Hollywood was once very niiiiiice to Sacha Baron Cohen, the British comedian who broke through in the U.S. in a big way with a starring role in his 2006 mockumentary Borat: Cultural Learnings of America for Make Benefit Glorious Nation of Kazakhstan. Centered around an often crude, sexist, racist and naive reporter from Central Asia that Baron Cohen developed on Da Ali G Show, it opened up opportunities for Cohen to star in a wide range of big movies, including comedies like Talladega Nights, Bruno, and The Dictator, epic family films like Hugo and Alice Through the Looking Glass, and even musicals like Sweeney Todd and Les Misérables. But Baron Cohen hasn't popped up in the cineplex as often as he once did—and here are a few reasons why.

He's a family man

Baron Cohen doesn't churn out movies at a rate of one or two a year like many of his entertainment industry peers. That's by design. Baron Cohen and his wife, actress Isla Fisher (Now You See Me, Wedding Crashers) have three young children, and they both want to be active, present parents. "He makes like one film every two or three years so there's rarely any problem there. And while the little ones are small, I only want to take supporting roles," Fisher says. "I just want to be there while they grow up. We both do."
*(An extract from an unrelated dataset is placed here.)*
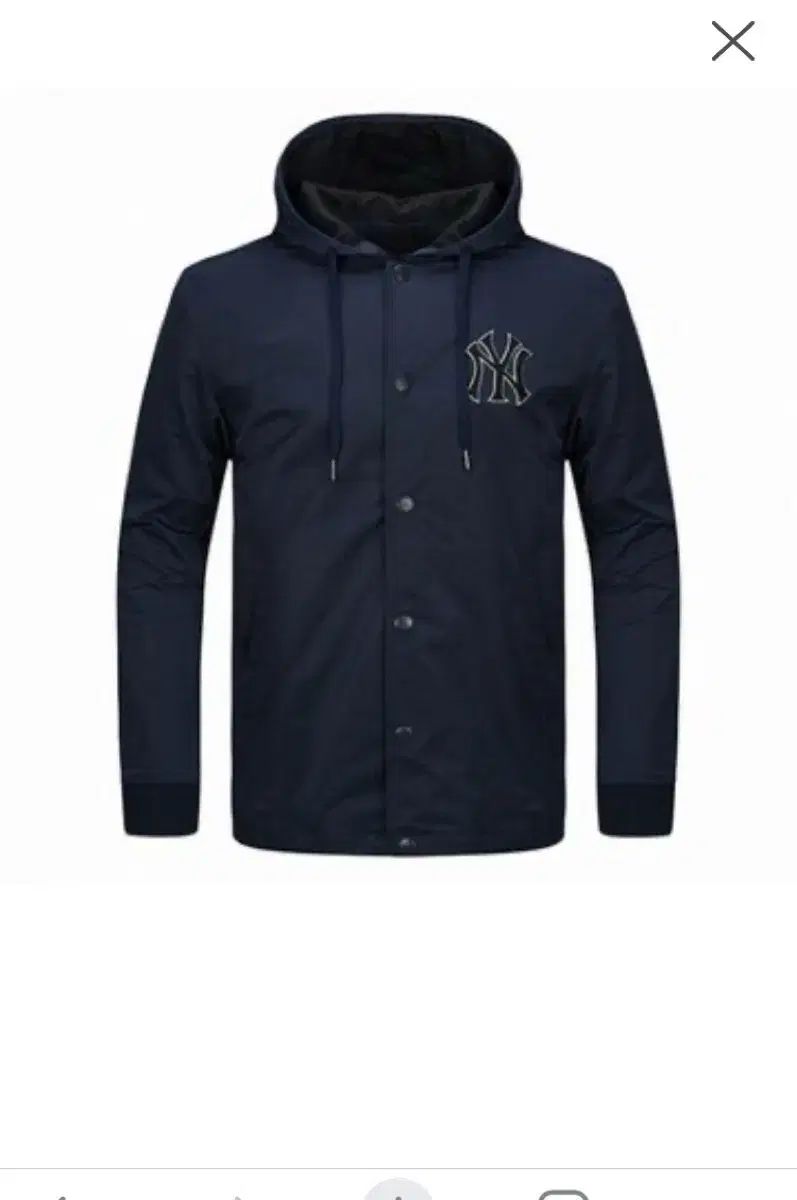 MLB ヤンキース NEW ニューヨークヤンキース NY 古着 YORK YANKEES 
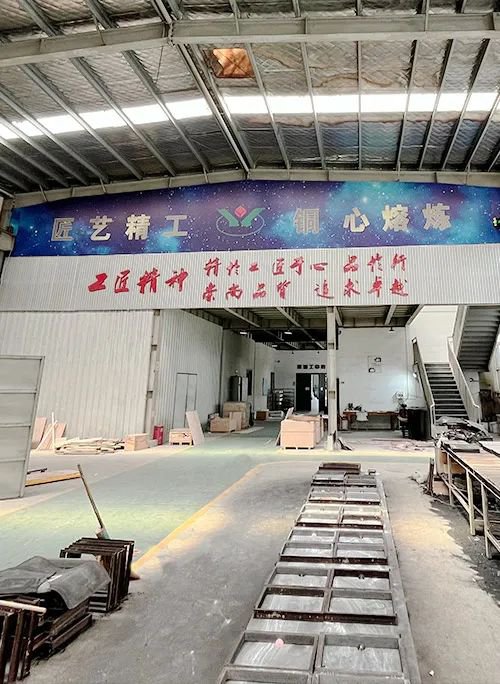 首页- Z6官网中国区人生就是博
He can't do his fictional-characters-in-the-world movies anymore

Even if Baron Cohen wanted to keep making reality-blurring movies anymore, he doesn't think he could. A victim of his own success, he fears he's too recognizable, and the world too connected and aware, for him to pull off a movie like Borat or Bruno again. There's also the matter of the inherent danger in making those kinds of movies. He's got a family to support, and his wife, Isla Fisher, says she was constantly worried that his actions would get him arrested or sued.

Or worse: Baron Cohen said on WTF with Marc Maron that while filming Bruno in Kansas, he had to make a quick exit when a hotel manager called the cops when he and the actor playing his assistant (Gustaf Hammarsten) were found "chained to each other in this S&M crazy gear." Baron Cohen and Hammarsten had to jump off of a fire escape to avoid capture.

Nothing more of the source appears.